** Opening RECORDS FOR THIS EXERCISE block **

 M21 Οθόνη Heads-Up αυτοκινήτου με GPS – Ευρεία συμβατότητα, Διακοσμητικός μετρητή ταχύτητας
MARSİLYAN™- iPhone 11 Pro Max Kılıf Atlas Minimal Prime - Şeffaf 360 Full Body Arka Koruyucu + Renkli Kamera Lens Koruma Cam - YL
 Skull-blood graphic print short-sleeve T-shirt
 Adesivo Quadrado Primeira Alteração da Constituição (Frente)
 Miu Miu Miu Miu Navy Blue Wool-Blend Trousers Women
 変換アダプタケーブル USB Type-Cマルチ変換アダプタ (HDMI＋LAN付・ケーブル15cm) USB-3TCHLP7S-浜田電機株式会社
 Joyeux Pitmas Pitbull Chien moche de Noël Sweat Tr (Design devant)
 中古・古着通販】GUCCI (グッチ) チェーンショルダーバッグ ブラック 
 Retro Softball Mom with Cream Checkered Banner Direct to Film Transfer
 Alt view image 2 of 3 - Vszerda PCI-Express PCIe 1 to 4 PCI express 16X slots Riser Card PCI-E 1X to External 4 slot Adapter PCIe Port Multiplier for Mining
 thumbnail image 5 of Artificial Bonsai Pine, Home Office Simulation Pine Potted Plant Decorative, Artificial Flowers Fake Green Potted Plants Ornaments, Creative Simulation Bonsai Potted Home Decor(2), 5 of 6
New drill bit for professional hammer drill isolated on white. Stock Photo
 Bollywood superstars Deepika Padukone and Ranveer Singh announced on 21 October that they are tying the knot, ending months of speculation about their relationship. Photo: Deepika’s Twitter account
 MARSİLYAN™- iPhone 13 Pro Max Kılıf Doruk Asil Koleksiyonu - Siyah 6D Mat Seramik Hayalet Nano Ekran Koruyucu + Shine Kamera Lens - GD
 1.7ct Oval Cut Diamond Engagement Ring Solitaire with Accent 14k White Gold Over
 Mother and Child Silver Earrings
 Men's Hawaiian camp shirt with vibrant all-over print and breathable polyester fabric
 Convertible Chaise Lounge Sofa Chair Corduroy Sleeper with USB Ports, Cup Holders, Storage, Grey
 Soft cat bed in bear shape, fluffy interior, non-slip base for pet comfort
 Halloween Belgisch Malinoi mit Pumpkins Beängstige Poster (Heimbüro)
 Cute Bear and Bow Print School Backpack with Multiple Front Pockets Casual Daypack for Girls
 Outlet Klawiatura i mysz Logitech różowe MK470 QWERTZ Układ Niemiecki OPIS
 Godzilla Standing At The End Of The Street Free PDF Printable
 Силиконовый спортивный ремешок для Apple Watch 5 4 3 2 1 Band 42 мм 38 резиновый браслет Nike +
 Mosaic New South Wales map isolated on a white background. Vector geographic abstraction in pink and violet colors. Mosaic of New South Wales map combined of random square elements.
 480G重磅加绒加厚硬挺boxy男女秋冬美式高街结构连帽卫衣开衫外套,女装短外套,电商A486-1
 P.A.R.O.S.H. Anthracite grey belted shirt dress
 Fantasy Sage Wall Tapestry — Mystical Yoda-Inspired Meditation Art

** Closing RECORDS FOR THIS EXERCISE block **

* _EXERCISE OBJECTIVE_
Give back the data exactly, with no line dropped.

* _EXERCISE OUTPUT_
 M21 Οθόνη Heads-Up αυτοκινήτου με GPS – Ευρεία συμβατότητα, Διακοσμητικός μετρητή ταχύτητας
MARSİLYAN™- iPhone 11 Pro Max Kılıf Atlas Minimal Prime - Şeffaf 360 Full Body Arka Koruyucu + Renkli Kamera Lens Koruma Cam - YL
 Skull-blood graphic print short-sleeve T-shirt
 Adesivo Quadrado Primeira Alteração da Constituição (Frente)
 Miu Miu Miu Miu Navy Blue Wool-Blend Trousers Women
 変換アダプタケーブル USB Type-Cマルチ変換アダプタ (HDMI＋LAN付・ケーブル15cm) USB-3TCHLP7S-浜田電機株式会社
 Joyeux Pitmas Pitbull Chien moche de Noël Sweat Tr (Design devant)
 中古・古着通販】GUCCI (グッチ) チェーンショルダーバッグ ブラック 
 Retro Softball Mom with Cream Checkered Banner Direct to Film Transfer
 Alt view image 2 of 3 - Vszerda PCI-Express PCIe 1 to 4 PCI express 16X slots Riser Card PCI-E 1X to External 4 slot Adapter PCIe Port Multiplier for Mining
 thumbnail image 5 of Artificial Bonsai Pine, Home Office Simulation Pine Potted Plant Decorative, Artificial Flowers Fake Green Potted Plants Ornaments, Creative Simulation Bonsai Potted Home Decor(2), 5 of 6
New drill bit for professional hammer drill isolated on white. Stock Photo
 Bollywood superstars Deepika Padukone and Ranveer Singh announced on 21 October that they are tying the knot, ending months of speculation about their relationship. Photo: Deepika’s Twitter account
 MARSİLYAN™- iPhone 13 Pro Max Kılıf Doruk Asil Koleksiyonu - Siyah 6D Mat Seramik Hayalet Nano Ekran Koruyucu + Shine Kamera Lens - GD
 1.7ct Oval Cut Diamond Engagement Ring Solitaire with Accent 14k White Gold Over
 Mother and Child Silver Earrings
 Men's Hawaiian camp shirt with vibrant all-over print and breathable polyester fabric
 Convertible Chaise Lounge Sofa Chair Corduroy Sleeper with USB Ports, Cup Holders, Storage, Grey
 Soft cat bed in bear shape, fluffy interior, non-slip base for pet comfort
 Halloween Belgisch Malinoi mit Pumpkins Beängstige Poster (Heimbüro)
 Cute Bear and Bow Print School Backpack with Multiple Front Pockets Casual Daypack for Girls
 Outlet Klawiatura i mysz Logitech różowe MK470 QWERTZ Układ Niemiecki OPIS
 Godzilla Standing At The End Of The Street Free PDF Printable
 Силиконовый спортивный ремешок для Apple Watch 5 4 3 2 1 Band 42 мм 38 резиновый браслет Nike +
 Mosaic New South Wales map isolated on a white background. Vector geographic abstraction in pink and violet colors. Mosaic of New South Wales map combined of random square elements.
 480G重磅加绒加厚硬挺boxy男女秋冬美式高街结构连帽卫衣开衫外套,女装短外套,电商A486-1
 P.A.R.O.S.H. Anthracite grey belted shirt dress
 Fantasy Sage Wall Tapestry — Mystical Yoda-Inspired Meditation Art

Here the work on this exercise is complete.